An alternative to steel enforced concrete has taken out the German Future Prize 2016. Edging out the inventions of pinpointed laser light and efficient motors.
German President Joachim Gauck awarded the three brains behind carbon concrete the German Future Prize for innovation on Wednesday. It is endowed with 250,000 euros ($264,000).
Worldwide, the building industry uses around 160 million tones of steel each year to reinforce concrete. In future, the advances made by winners Peter Offermann, Manfred Curbach and Chokri Cherif, the three Technical University of Dresden researchers behind the invention, could replace the use of steel in construction work for good.
Team 1: The winners are…
Steel enforced concrete is great for construction: it guarantees fire safety, durability and security. However, it also has some weaknesses. One very big one: the steel reinforcement that's in the center of the concrete structure can corrode if water manages to seep in.
That's one of the reasons that many bridges from the 1960s and 70s are now losing stability and will have to be replaced in the coming years. Weather, and the impact of heavier and more trucks than what they were built for, have left their toll on the structures.
Three professors from the Technical University Dresden in the eastern German state of Saxony have invented carbon concrete as an alternative to steel enforced concrete. Instead of the traditional iron grates, the concrete contains carbon fibers. Those fibers are even more durable than steel and don't corrode. Therefore, it is possible to built much slimmer structures that will last much longer.
The inventors are all from the same university, but they come from very different institutes. Manfred Curbach is the head of the Institute for Concrete Construction (Institut für Massivbau). Chokri Cherif heads the Institute for Textile High Performance Materials (Institut für Textilmaschinen und textile Hochleistungswerkstofftechnik). And his colleague Peter Offermann, though retired from the institute, remains active as a researcher.
Team 2: Motor cylinder with no friction
Every combustion engine generates friction - everywhere where metal faces metal. This is the case inside the cylinder, for example, where the piston moves up and down, or at the crankshaft.
Traditionally, one tries to reduce the friction with lubricants. This extends the lifespan of the engine. Newer, additional, methods of making the inside of cylinders smoother include the use of aluminum-silicon-alloy construction parts. They generate less friction but need to be solidified with heavier components made out of cast iron.
But there's an even better and easier way to deal with friction - Patrick Izquierdo and Manuel Michel, engineers at car manufacturer Daimler in Ulm, and Bernd Zapf from the machine factory Heller Brothers in Nürtingen have proven that. They invented a coating called Nanoslide.
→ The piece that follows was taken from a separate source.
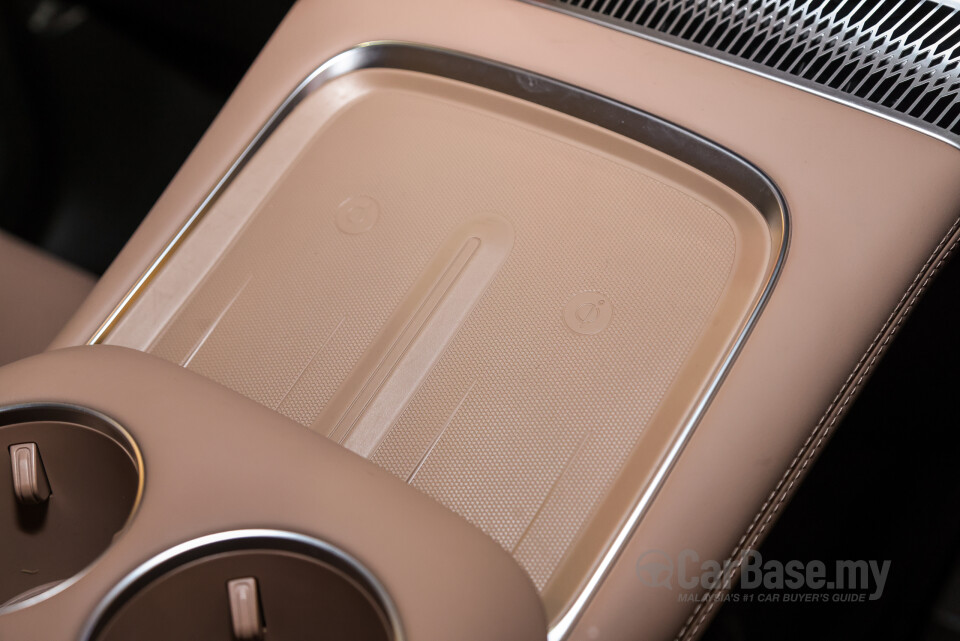 Xpeng X9 H93 (2025) Interior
The coating is about a tenth of a millimeter strong and consists of tiny nanoscale particles, which cover the surface of the engine cylinder and the piston.
Using the coating, the engineers managed to reduce the energy losses through friction by about half. This means that the fuel consumption of a motor decreases by about three percent.
Another advantage: motors don't need additional parts made of special alloys and can therefore be built lighter and smaller. This is important for lightweight car designs - for example for hybrid vehicles.
Team 3: Lasers as car headlights - focusing on the road
To prevent accidents, drivers must be able to see very well even when it's dark outside. That's what the inventors Carsten Setzer from Osram's department of car lights and Christian Amann from the Bavarian car producer BMW's department of light systems used as their jump-off point.
They worked to find a strongly focused laser light, which they wanted to brighten the road so well that drivers' night vision was almost as good as what they could see in daylight. At the same time, turning on your brights shouldn't blind other drivers.
That seems to be a contradiction, since laser light is highly focused light of just one specific wavelength. Daylight is exactly the opposite: widely spread light with a wide wavelength spectrum.
Setzer's and Amann's solution: They pointed the laser source onto a special piece of ceramic, which transformed part of the blue light into yellow light. By mixing the remaining blue and the new yellow light, they managed to generate a white light point almost as well focused as the original laser beam.
The high beam laser headlights are already standard in some series vehicles. The beam reaches about 600 meters far - that's almost half a mile. It is substituting a regular LED low beam headlight which has a reach of about 300 eters.
A special high-beam assistant makes sure that oncoming cars or cars driving ahead will be faded out of the beam. Therefore the drivers won't be blinded and dazzled.